* _ACTIVITY_
For every line in the data below, check for the word "Hotel", then state how many lines have it. Answer with the number only.

━━ LISTED ENTRIES

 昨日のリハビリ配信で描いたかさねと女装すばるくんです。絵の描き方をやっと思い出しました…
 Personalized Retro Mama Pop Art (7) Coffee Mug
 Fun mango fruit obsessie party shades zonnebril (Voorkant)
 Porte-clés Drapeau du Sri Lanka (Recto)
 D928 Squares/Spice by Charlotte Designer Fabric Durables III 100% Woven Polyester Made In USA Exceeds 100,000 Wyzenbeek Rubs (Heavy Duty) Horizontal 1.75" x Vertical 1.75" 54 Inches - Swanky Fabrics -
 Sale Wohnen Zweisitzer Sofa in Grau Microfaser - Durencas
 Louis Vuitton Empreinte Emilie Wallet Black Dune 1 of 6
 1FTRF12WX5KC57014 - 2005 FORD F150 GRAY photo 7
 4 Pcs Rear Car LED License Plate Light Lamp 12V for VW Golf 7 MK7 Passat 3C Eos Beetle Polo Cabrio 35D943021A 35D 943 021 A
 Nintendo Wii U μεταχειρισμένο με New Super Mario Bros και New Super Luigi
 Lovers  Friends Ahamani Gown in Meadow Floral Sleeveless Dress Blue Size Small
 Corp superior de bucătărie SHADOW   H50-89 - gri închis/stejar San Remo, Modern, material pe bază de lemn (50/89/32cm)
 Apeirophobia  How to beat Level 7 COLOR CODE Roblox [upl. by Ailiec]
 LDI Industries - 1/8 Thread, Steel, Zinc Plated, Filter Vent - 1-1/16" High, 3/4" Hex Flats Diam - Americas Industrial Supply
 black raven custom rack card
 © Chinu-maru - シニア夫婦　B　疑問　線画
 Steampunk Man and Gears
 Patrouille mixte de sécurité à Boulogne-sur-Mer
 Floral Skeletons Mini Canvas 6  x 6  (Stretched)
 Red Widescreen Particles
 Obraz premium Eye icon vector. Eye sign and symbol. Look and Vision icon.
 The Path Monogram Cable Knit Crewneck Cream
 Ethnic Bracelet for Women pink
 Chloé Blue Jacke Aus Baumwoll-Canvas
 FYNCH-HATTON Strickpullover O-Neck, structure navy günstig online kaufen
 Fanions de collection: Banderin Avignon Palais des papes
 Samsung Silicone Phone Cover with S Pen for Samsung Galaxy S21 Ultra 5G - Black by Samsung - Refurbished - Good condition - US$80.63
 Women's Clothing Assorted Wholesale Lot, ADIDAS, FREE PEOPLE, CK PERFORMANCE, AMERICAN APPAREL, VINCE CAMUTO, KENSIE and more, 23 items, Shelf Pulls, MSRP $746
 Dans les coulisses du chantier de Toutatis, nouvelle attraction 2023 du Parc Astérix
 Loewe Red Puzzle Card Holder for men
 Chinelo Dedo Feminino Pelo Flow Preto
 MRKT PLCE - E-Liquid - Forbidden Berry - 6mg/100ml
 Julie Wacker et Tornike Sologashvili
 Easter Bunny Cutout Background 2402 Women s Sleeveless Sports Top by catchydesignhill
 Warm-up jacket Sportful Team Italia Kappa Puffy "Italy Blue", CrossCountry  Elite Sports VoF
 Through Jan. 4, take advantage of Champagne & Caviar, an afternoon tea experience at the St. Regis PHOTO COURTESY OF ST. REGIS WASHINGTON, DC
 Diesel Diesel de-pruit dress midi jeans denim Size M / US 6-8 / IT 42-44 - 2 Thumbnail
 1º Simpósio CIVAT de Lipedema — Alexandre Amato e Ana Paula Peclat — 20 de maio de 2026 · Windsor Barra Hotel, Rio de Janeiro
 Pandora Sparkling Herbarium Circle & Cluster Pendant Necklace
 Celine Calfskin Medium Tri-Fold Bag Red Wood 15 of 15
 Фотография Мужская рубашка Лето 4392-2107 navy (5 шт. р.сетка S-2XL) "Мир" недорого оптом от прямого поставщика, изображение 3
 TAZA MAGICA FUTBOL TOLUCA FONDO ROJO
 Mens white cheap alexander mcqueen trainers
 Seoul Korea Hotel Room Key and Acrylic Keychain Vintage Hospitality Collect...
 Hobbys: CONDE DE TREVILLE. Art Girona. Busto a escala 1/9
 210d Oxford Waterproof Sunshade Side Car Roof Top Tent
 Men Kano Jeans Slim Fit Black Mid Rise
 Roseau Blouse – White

━━━━

* _SOLUTION TO THIS EXERCISE_
2